Postby Aditya_V » 08 Oct 2011 21:34

shiv wrote:
Aditya_V wrote:One was out of complete choice and going out of the way to help, the other was with 170 odd Indian civilian lives at stake,


This is the point I have been disputing.

"Complete choice" is one of the biggest bluffs I have heard. And needs to be called that. If the USA was able to defeat the USSR on its own, it would likely have done that. But the US required "allies" for that. The initial US alliance was with "free countries" (another part bluff statement). That was not good enough. The US then allied with all sorts of dubious nations with whom they did not want any sort of continuing deep "high caste" relationship like the US has with NATO/Britain. Those countries included China and Pakhanasatan.

You see we do follow double standards in our attitudes when we refer to certain things. "Alliances" are always one of "you scratch my back, I scratch yours". You can't escape it.

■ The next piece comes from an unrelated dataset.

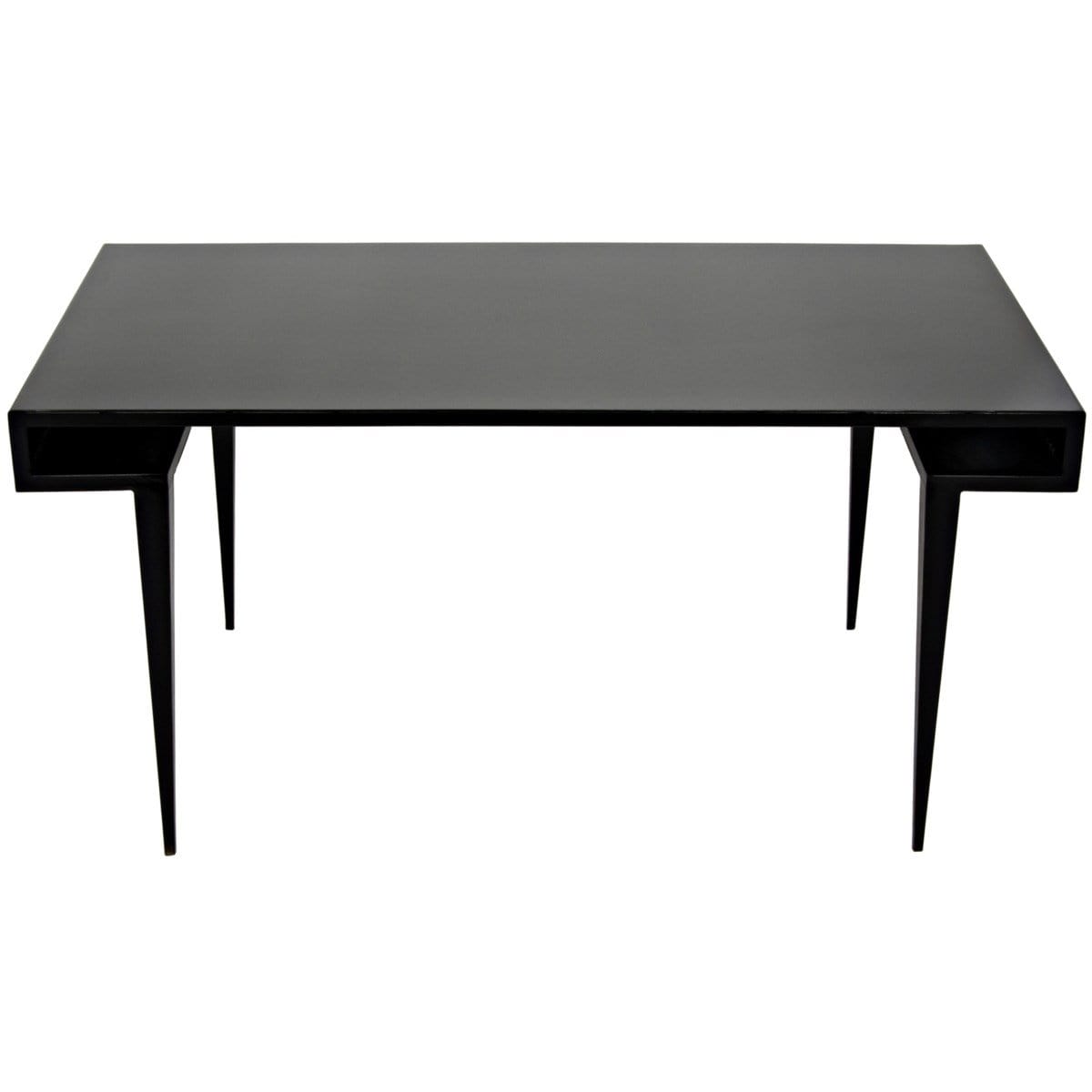 Noir Stiletto Desk Furniture noir-GDES153MT 00842449113497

When political parties "ally" with certain groups they become traitiors in India, But when the US allies with the worst examples of the same groups it is declared as US "chankianism". The US has to pay for the mistakes it makes with alliances as much as Indian political parties.

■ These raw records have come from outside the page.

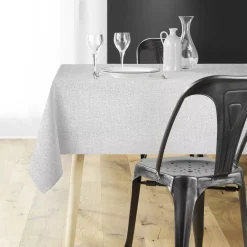 Douceur d interieur Tovaglia E Runner Da Tavolo Per Le Feste-Tovaglia natalizia rettangolare (140 x 240 cm) Strass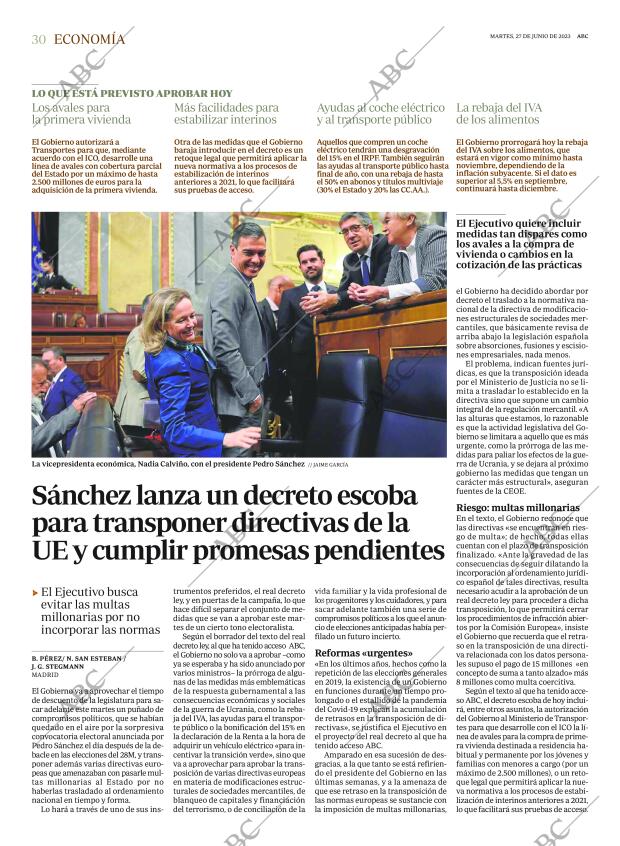 ABC MADRID 27-06-2023 página 30
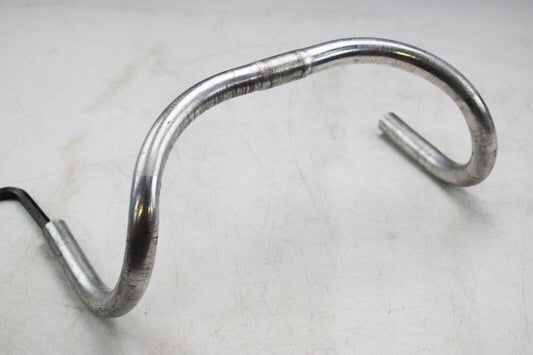 C.1950s STRATALITE MADISON VINTAGE BICYCLE ALLOY DEEP DROP HANDLEBARS, 370MM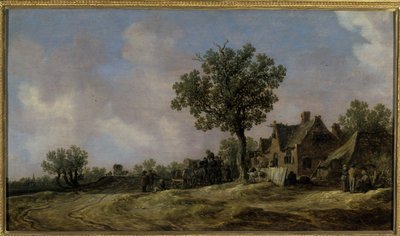 Tavern on a Country Road, 1620 de Jan Josephsz van Goyen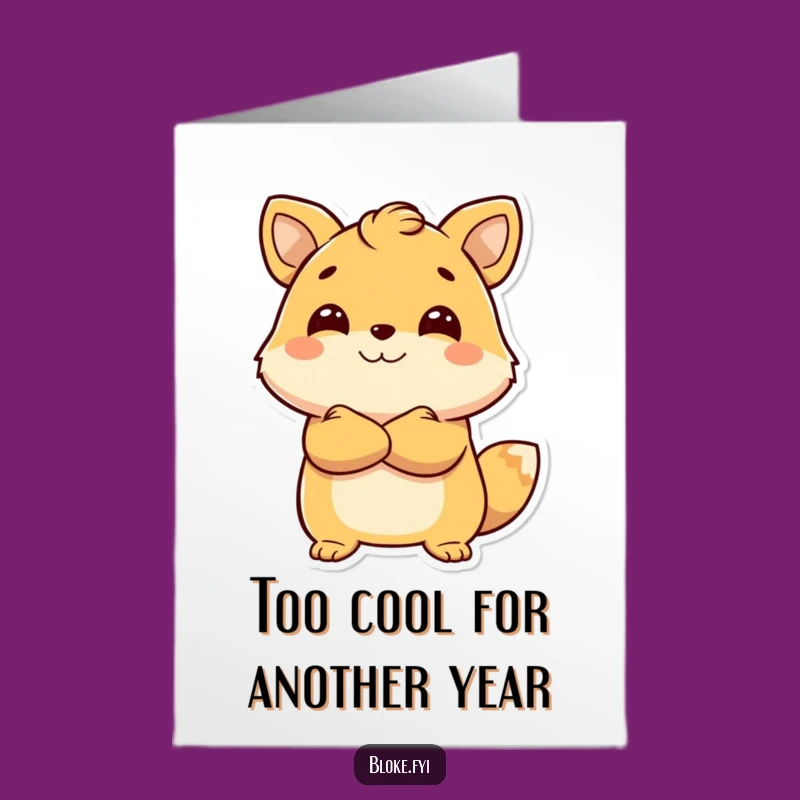 Free Printable Birthday Card: Confident Animal Ready to Party Downloadable Gift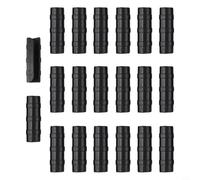 Zeroupshop 20 morsetti per pellicola per serra, per tubi da 19-33 mm, ABS e PC, clip per tunnel antiruggine per fissare reti di copertura in plastica alla struttura del telaio del giardino, nero (25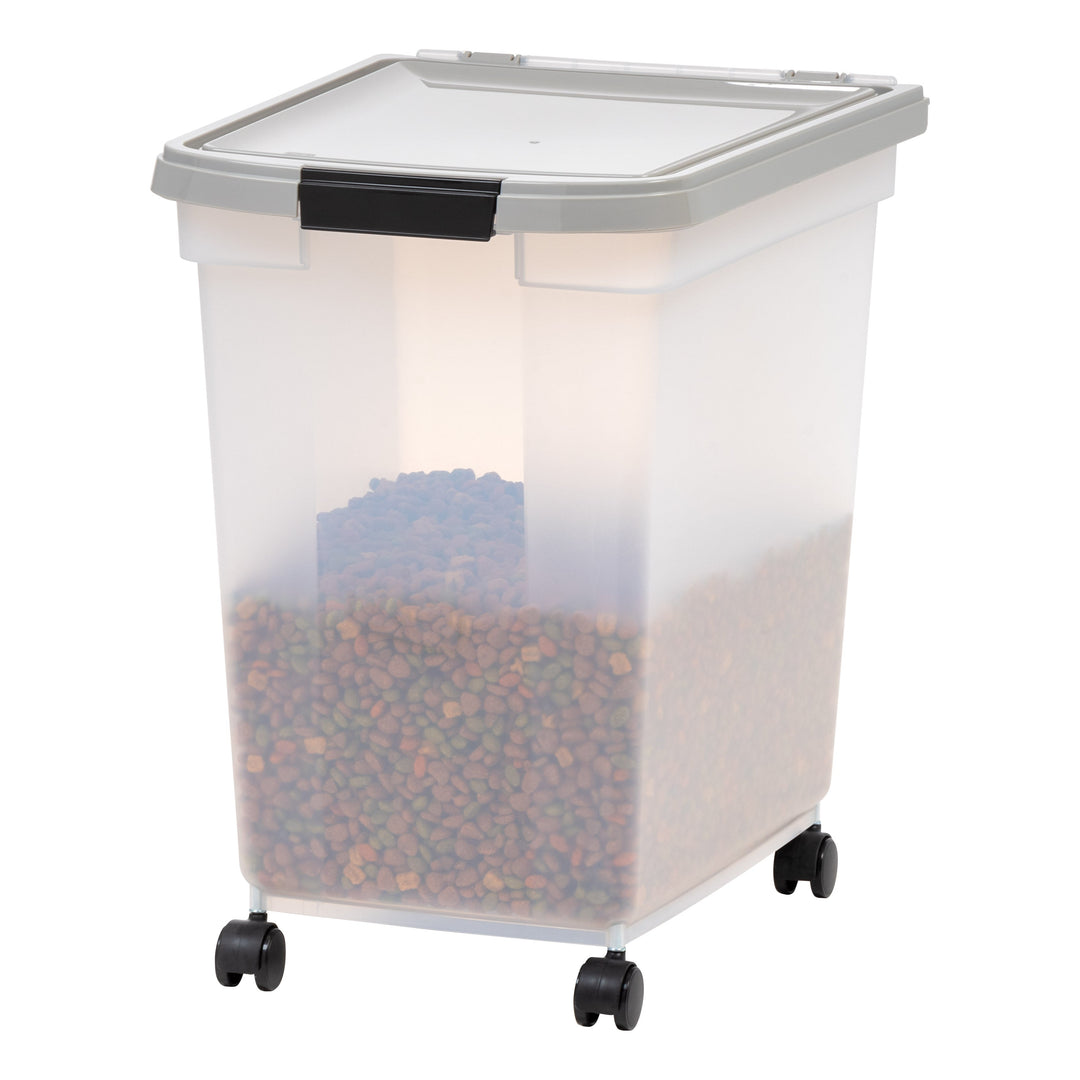 65 Quart Airtight Pet Food Container, Gray - IRIS USA, Inc.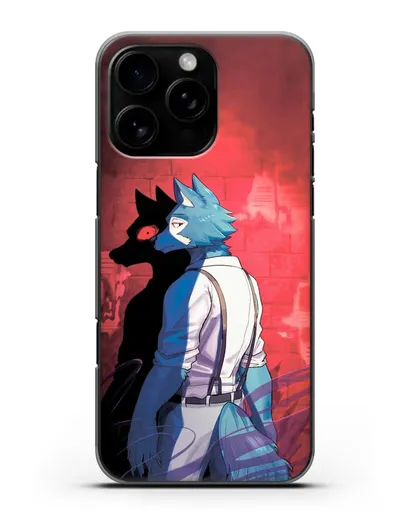 Чехол аниме Beastars - Тёмная сторона Легоси силиконовый для iPhone 16 Pro Max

But in all cases alliance with an ideologically different "non dharmic" partner is driven by weakness. Weakness justified as "cleverness"

In an ideal scenario one must never have to ally with those who are far removed from one's own ideals. Those alliances end up being called "Chankianism" or "weakness" depending on the context of whether the alliance ends in a temporary victory or not. The treaty of Hudaibiya was a temporary alliance out of weakness. What sort of "alliance" does the US want now?


I totally disagree in my humble opinion the US and many other countries had a choice to support Good or Evil and they supported Evil for short term benefits which will have long term losses. Anyone supporting TSP is doing an evil act.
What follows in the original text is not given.